When Kayla is found murdered, the blame is pinned on a local cult, the Black Circle, which Kurt has been trying to track down for some time in connection with earlier crimes. Justin is convinced that the killer lives in his own house and lets Rick persuade him to install hidden cameras in the three apartments. Rick, Justin and Scott then spend their nights watching monitors in a Ford Transit parked across the road.

Half an hour in, the film promises to turn into one of those films built out of digetic camera footage, like Hell Asylum or My Little Eye. Although we do sometimes see what the trio see, Campfield doesn’t quite have the confidence to work with the restrictions of high-angle, fixed cameras and instead the ‘monitor footage’ is simply black and white, but retaining close-ups, multiple angles, reverse shots and other directorial/editing touches that simply couldn’t exist in genuine surveillance footage, along with perfect sound. This is a shame as it distances the viewer from the action, making us no more than a normal TV/film audience, rather than placing us into the position of the voyeurs in the van. A few shots do flirt with realistic monitor images but it’s not consistent enough to work. This seems odd. Why build a story around captured TV footage and then not show us that captured TV footage?

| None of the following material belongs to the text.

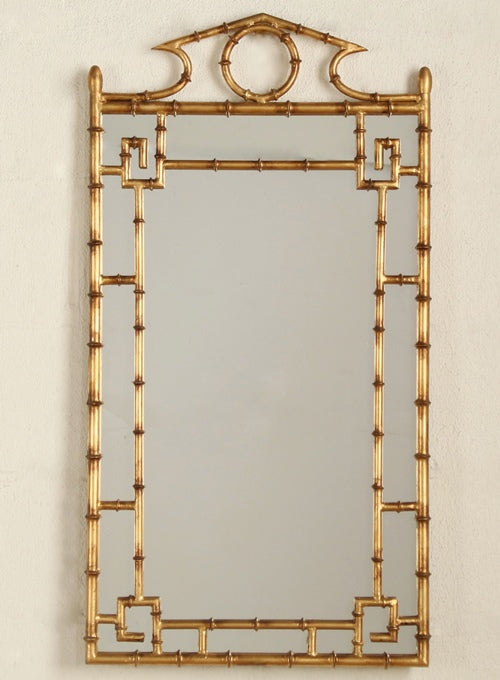 MIR78 Antique Gold Bamboo Mirror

Despite the above caveat, the story becomes engrossing and even tense. Justin and Scott are sucked into Rick’s enthusiasm for spying but find that what happens in the apartments is affecting them, even as they are affecting what happens in the apartments. At one point they slip an accusatory note under each door to see if anyone will give themselves away by their reaction, but the results are not what they expect. The watchers’ intrusion into the three homes, physically in a couple of instances when they want to check something out, has unforeseen effects, creating tension between the Broonen sisters, between the Calabreses and between Krol and his succession of hookers.

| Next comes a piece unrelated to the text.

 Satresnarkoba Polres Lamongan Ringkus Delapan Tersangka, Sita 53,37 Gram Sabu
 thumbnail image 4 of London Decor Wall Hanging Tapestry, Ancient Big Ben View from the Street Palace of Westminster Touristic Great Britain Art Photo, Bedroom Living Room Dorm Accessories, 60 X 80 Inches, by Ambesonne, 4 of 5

At the same time there is tension in the van (they later move the monitors into Justin’s bedroom, which seems more sensible) as Justin and Rick find that their agendas are very different. Can Rick be trusted? Is Justin being completely honest about his relationship with the murdered girl? And meanwhile, Kurt is on the trail of the Black Circle, unaware that it may lead him to his own home.

Under Surveillance (later retitled Dark Chamber) is a gripping and original thriller which confidently twists its protagonists (and antagonists) around what could have been a relatively straightforward plot. The large cast of characters, many of whom never interact outside their own immediate relationship, are well-drawn and believable. Campfield directs with a slick professionalism while DPs Xavier Rodriguez and Andrew Seltz make the film look more expensive than it presumably was with great camerawork, especially within the confines of the van. The Black Circle, who favour half-black masks and pentagram tattoos, are mysterious, threatening and not overplayed and there are some really quite scary moments when they appear.

This is an impressive debut feature which displays Campfield’s obvious cinematic talents to the full.